Financial Highlights
- Revenue of $262.8 million was 31
percent higher than 2013 ($201.3
million) reflecting increased production and higher average
commodity prices in 2014.
- Realized natural gas prices, including derivatives, of
$4.36/Mcf in 2014 increased 24
percent from $3.53/Mcf in 2013,
reflecting a 40% increase in AECO Monthly Index prices
year-over-year, partially offset by losses realized on gas price
hedging contracts during 2014. Due to the higher percentage
of liquids-rich gas production and processing changes in both West
and East Edson, Perpetual's heat
content averaged 1.13 GJ/Mcf in 2014 relative to 1.10 GJ/Mcf in
2013.
- Oil and NGL prices, including derivatives, of $71.82/bbl increased eight percent in 2014 due to
strong WTI prices during the first half of 2014 which, along with a
narrowing of WCS differentials, offset the effect of oil and NGL
price declines realized in the fourth quarter. Perpetual's
realized oil and NGL price, including derivatives, was four percent
lower than the price before derivatives in 2014, primarily due to
hedging losses recorded on financial WTI price contracts during the
first three quarters of 2014, which were not fully overcome by
gains realized during the fourth quarter of 2014 as oil prices
declined.
- Royalty expense of $32.0 million
in 2014 represented a combined royalty rate of 12.2 percent
compared to 9.4 percent in 2013. An increase in freehold and
overriding royalty expense reflected new royalties payable pursuant
to the East Edson JV, which entitle the partner to overriding
royalties based on a maximum of 5.6 MMcf/d of natural gas from the
East Edson property plus oil and
associated NGL on a monthly basis beginning July 1, 2014. Excluding overriding royalty
payments related to the East Edson JV, the combined royalty rate
for 2014 was 10.2 percent, which was still higher than in 2013 due
to higher Alberta gas reference
prices and higher oil royalties related to production on freehold
lands and wells transitioning from incentive periods.
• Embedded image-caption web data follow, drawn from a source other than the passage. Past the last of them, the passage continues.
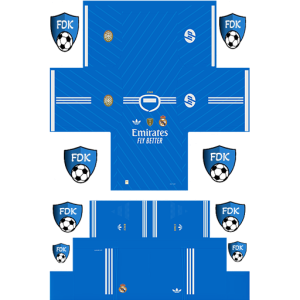 Real Madrid cwc FL Kit 2025 third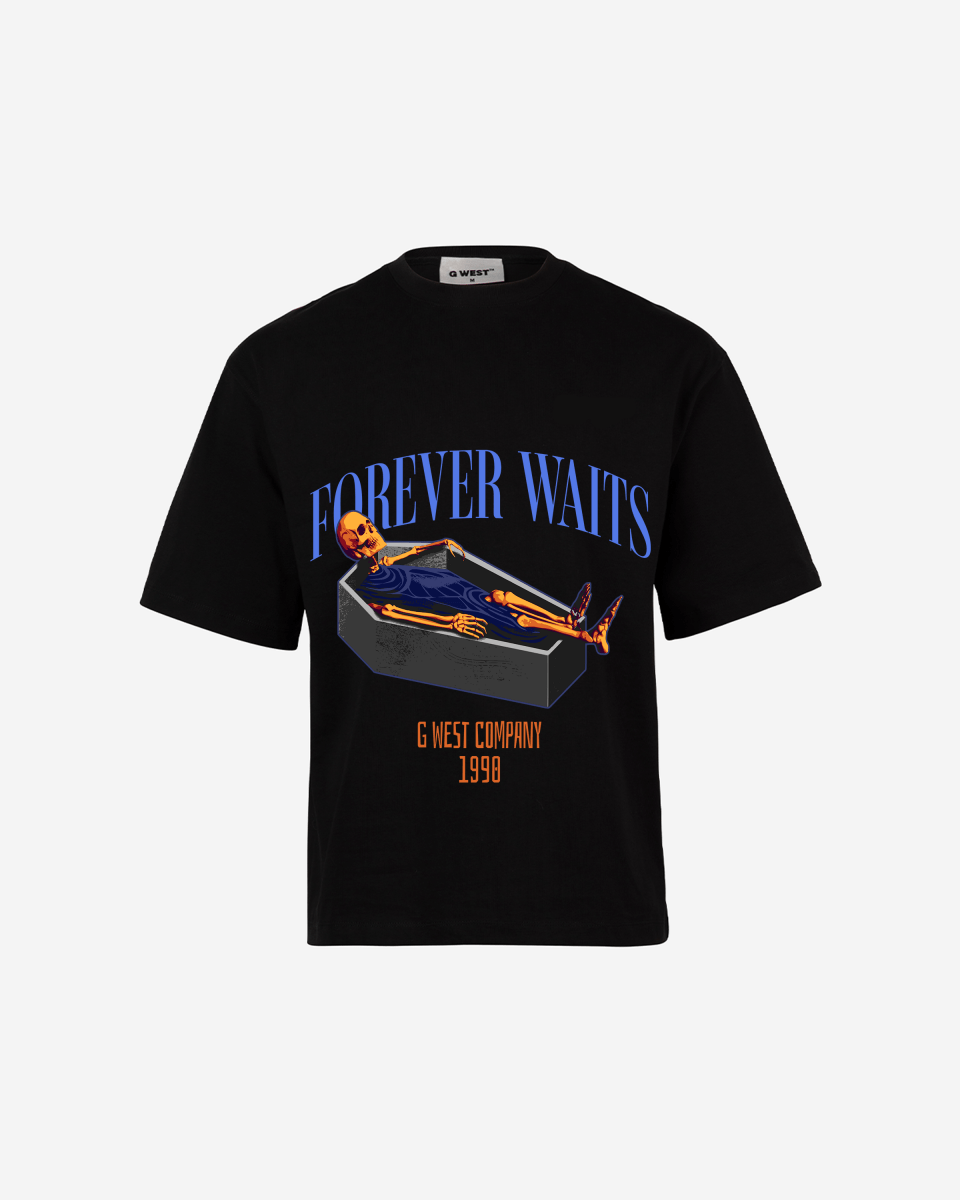 G - WEST Forever Waits Oversized Tee - GWROJMT5 - G West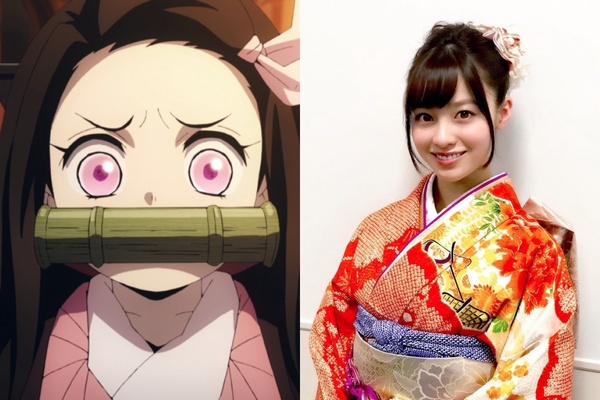 《鬼滅之刃》竈門禰豆子:橋本環奈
- Operating costs decreased another six percent in 2014 to
$10.41/boe, down from $11.05/boe in 2013, with absolute savings
realized in most areas of operations. Infrastructure expansion and
enhancements at West Edson, and
the re-routing of the majority of East
Edson production from a third-party deep cut facility to
utilize the Company's minority interest in the lower cost Rosevear
plant, resulted in decreased processing fees paid to third parties
and increased efficiency on a unit-of-production basis.
- Operating netbacks increased 15 percent to $17.44/boe (2013 - $15.23/boe) with higher commodity prices and
lower operating costs more than offsetting higher transportation
costs as well as increased royalties.
- Funds flow of $81.4 million
($0.55 per share) in 2014 increased
39 percent from $58.5 million
($0.39 per share) in 2013 as a result
of increased production, stronger crude oil and natural gas prices,
and higher operating netbacks in 2014.
- Perpetual issued $125 million in
8.75 percent senior notes during the third quarter of 2014 with the
proceeds utilized for the early redemption of $100 million of 7.25 percent Convertible
Debentures in August 2014 and
$25 million of 7.00 percent
Convertible Debentures on December
31, 2014. The issue of senior notes bolstered
Perpetual's financial flexibility by extending its long-term debt
beyond 2018.
- Total net debt decreased by 12 percent ($45.2 million) from $377.0
million on December 31, 2013
to $331.7 million at December 31, 2014. The reduction in net debt
resulted from 2014 funds flow, combined with proceeds received on
dispositions, the monetization of GOB royalty credits, and
Perpetual's escrow funds related to the East Edson JV, which, in
total, exceeded 2014 capital expenditures. The ratio of net
debt to trailing 12 months funds flow improved by 36 percent from
year end 2013 to a ratio of 4.1 to 1 at December 31, 2014.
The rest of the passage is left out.